Leadership: Tough emotions test for women

boss

Thousands of us in Kenya aspire to hold leadership positions in our organisations. Whether in government, parastatals, banks, cooperatives, universities, technology firms, or insurance companies and everything in between, employees jostle for the right to lead teams, departments, and whole entities. But becoming a proficient effective leader proves difficult and often a lonely arduous journey for many.

However, for women, the road to leadership is more fraught with difficulty and overcoming bias and societal stereotypes that pervade the subconscious bias of their subordinates and superiors alike.

Some progress has been made as shown in widescale surveys conducted by Kim Elsesser and Janet Lever that a slight majority of respondents indicate that they hold no preference for which gender of boss they want to report to.

However, among those who do have a gender preference for their supervisor, workers are twice as likely to prefer a male boss instead of a female one. But in 360-degree evaluation equivalents, men rated female bosses more favourably while women rated male bosses more favourably.

Why the overall preference for male leaders? First, we must understand some of the research highlighting the many obstacles that women must overcome in the workplace.

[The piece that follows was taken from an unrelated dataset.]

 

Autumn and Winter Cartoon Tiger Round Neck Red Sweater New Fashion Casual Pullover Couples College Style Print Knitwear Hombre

David Smith, Judith Rosenstein, and Margaret Nikolov conducted a study of 81,000 military performance reviews to find that on objective measures, men and women scored equally. On subjective measures, men and women were assigned similar quantities of positive attributes comments.

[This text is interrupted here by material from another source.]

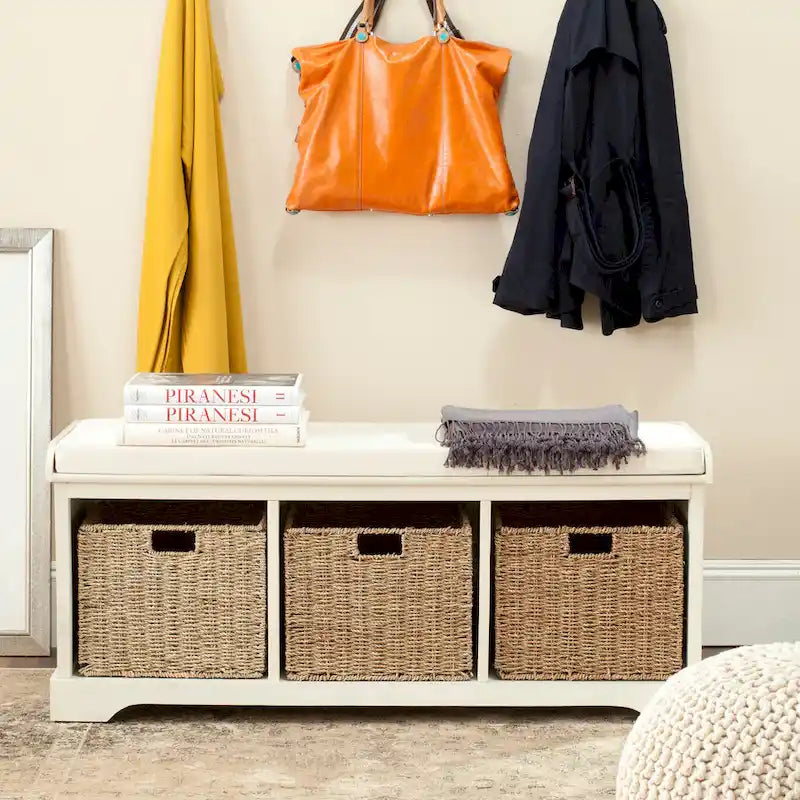 Grey/ White Storage Bench - 47 x 16.1 x 19.9 - 47Wx16Dx20H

Ten positive words were generally used repeatedly to describe men, such as analytical, competent, dependable, confident, and logical, while positive words to describe women were only four that included compassionate, enthusiastic, energetic, and organised.

Conversely, men were given substantially fewer negative comments than women with only two recurring negative attributes of arrogant and irresponsible.

Meanwhile, women were assigned far more negative comments subjectively that were distributed among 12 negative words, including inept, selfish, frivolous, passive, scattered, etc. The subjective bias here is staggering especially remembering that on objective measures males and females scored equally. Women were given subjective review verbiage that mirrored societal attitudes and stereotypes that when contained in the job performance evaluations were then more difficult for those same women to gain promotion and new jobs than the men evaluated. The negative attributes assigned to women were harsher than those assigned to men.

Then at the leadership level, qualitative interviews with employees in Kenya often highlight their concerns with whether a female leader will rely on emotional decision-making and reactions.

Victoria Brescoll published robust research that shows the emotion bias in Western countries too. Women must navigate difficult paradoxical Catch-22 leadership scenarios that men do not face. First, women must critically decide how much emotion they will show in the workplace, knowing that their subordinates already unfairly expect them to be more emotional.

So, even small displays of emotion cause exaggerated confirmations of stereotypes in the minds of their workers. But second, on the other hand, if women do not express emotions, then they are thought of as too cold and failing to fulfill their societal obligation to be warm and caring. Third, women must navigate which types of emotions to express. Women who show anger, pride, or irritation then suffer disdain by their staff at disproportionate levels than men who may express those same emotions.

Melissa Williams and Larissa Tiedens looked at 63 research studies that showed that when women show dominance in the workplace by expressing specific direct demands, it unfairly harms their likability relative to men. The researchers linked the decreased likability because women showing dominance were going against established societal gender stereotypes.

So, the next time you see a woman business or political leader whether Martha Karua, Debra Mallowah, Ednah Otieno, Jennifer Riria, Juliana Rotich, Esther Passaris, or Nancy Ng’ang’a among many many others, recognise that they deserve our respect because they overcame greater challenges to reach their lofty heights as titans of industry and government.